1. hidoshi - July 19, 2007

Not sure what you made of my post, but I do indeed insist that anime is no different from cartoons. Cartoons are not necessarily “for children” either. Fritz the Cat certainly wasn’t, nor was Who Framed Roger Rabbit — though the latter is infinitely more family-friendly. Anime as a /style/ refers to cartoons made with Japanese influence, more specifically from Japan but as we can see, globalisation is negating that.

Children’s cartoons are things like Hello Kitty and The Smurfs. A teenager’s cartoon is something like Thundercats or Gundam Wing. And an adult’s cartoon (here not implying sexual content) is something like The Yellow Submarine or Tokyo Godfathers.

While animation has had a more juvenile context to work within as far as North America is concerned, this is not true the world over. If we are to call something “anime”, it does not imply something NOT intended for children, so that definition is useless too. Anime is, as far as regular use should be concerned, something influenced by Japanese animation, or Japanese animation itself. It is then attached to perhaps a pornographic, adult, teenage, or child following which is a category of genre. Of course there are many other technicalities to be concerned with, such as if it’s an action film, a drama, or a comedy, and so on.

Anime is quite Japanese.
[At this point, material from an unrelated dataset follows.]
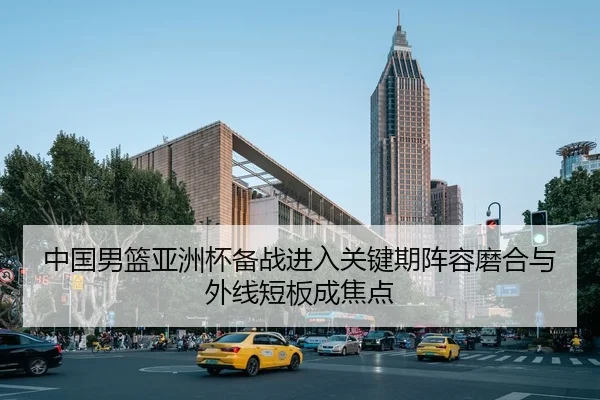中国男篮亚洲杯备战进入关键期阵容磨合与外线短板成焦点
It is influenced by (and largely taken from) early American animation, but it IS Japanese. Therefore we cannot say that Treasure Planet is anime, it is an American cartoon for teenagers — for which we have no more concise a term. To say otherwise is to deny the essence of the title. It is one thing to expand a definition, it is another to abandon its spirit altogether.

2. That’s Not Kanon » [Anime] Terminology and its Evolution - July 19, 2007

[…] the case where I have discussed genre, category, etc — anything to do with terminology, the general rebuttle has been that we do not need to qualify language with definitions in sight of the fact that it is […]

3. bateszi - July 19, 2007

I’m a little bothered that you’re throwing around of words like xenophobia. Putting aside the fact that I’m not American (and not a resident of the US), it’s a semantic issue; so, it’s nothing to do with “purity” or whatever other sub-Nazi buzz word jumps to mind. I couldn’t care less about the origins of what I’m watching; as long as it’s good, that’s all the matters. It just so happens that I love anime, which in the English language, is classified separately from “cartoons” and is used specifically to describe Japanese animation.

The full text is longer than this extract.